Em entrevista ao programa Gaúcha Atualidade desta quarta-feira (22), o desembargador Amílcar Macedo, do Tribunal de Justiça Militar do Rio Grande do Sul (TJM-RS) negou que a corte tenha anulado as provas obtidas a partir dos celulares apreendidos de 18 policiais envolvidos na ação da Brigada Militar em que o agricultor Marcos Nörnberg foi morto na madrugada de 15 de janeiro.
Em sessão do último dia 15, os desembargadores do TJM decidiram anular as provas obtidas sob o argumento de que o prazo para extração dos dados dos aparelhos foi excessivo. A decisão atendeu ao pedido da defesa de um dos policiais, que considerou a análise de dados do período de 14 de janeiro a 30 de abril excessiva.
Segundo o desembargador, o Ministério Público (MP) não justificou o motivo de solicitar dados de um prazo tão extenso. Ele afirma que o MP ainda pode pedir que informações de uma janela de tempo menor sejam consideradas.

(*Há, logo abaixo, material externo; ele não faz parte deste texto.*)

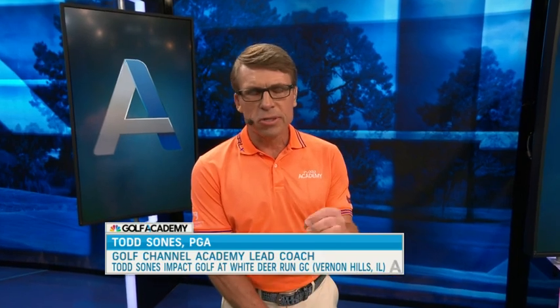Hi, welcome to Golf Channel Academy. I'm Todd Soans. I've got a great tip for you in putting this week: don't think about the putter head. So many people that come to our school are too conscious of what the putter head's doing.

— Um aparelho de telefone celular hoje é como se fosse um mini computador, ele tem uma história de vida da pessoa, tem e-mails, tem relações, tem fotografias, tem troca de mensagens, toda uma gama de informações da intimidade, da vida privada das pessoas. Então não se pode invadir um telefone para colher tais informações sem que se delimite um prazo — argumentou na entrevista.
Na sessão do dia 15 de julho, Amílcar Macedo sugeriu que fosse delimitado um prazo menor, no entanto o tribunal considerou que esse prazo deve ser apontado pelo Ministério Público.
— As pessoas que querem combinar alguma versão, alguma estratégia, fazem isso nas primeiras horas do acontecido, nos primeiros dias. Não vão fazer três meses depois, não tem sentido (...) Se a juíza já autorizou, na primeira instância, que fosse até 30 de abril, qualquer prazo menor do que isso ela vai autorizar também, isso me parece lógico — afirma.
Relembre

Marcos Nörnberg morreu em 15 de janeiro, durante uma ação da Brigada Militar em sua propriedade rural, às margens da BR-392, em Pelotas. Os policiais teriam sido conduzidos com base em uma pista errada dada por um homem preso no Paraná que afirmou que no local estava instalada uma organização criminosa fortemente armada.
O caso é investigado pela Polícia Civil, que realizou uma reprodução simulada dos fatos em maio. A conclusão do inquérito ainda depende da conclusão de laudos periciais pelo Instituto-Geral de Perícias (IGP).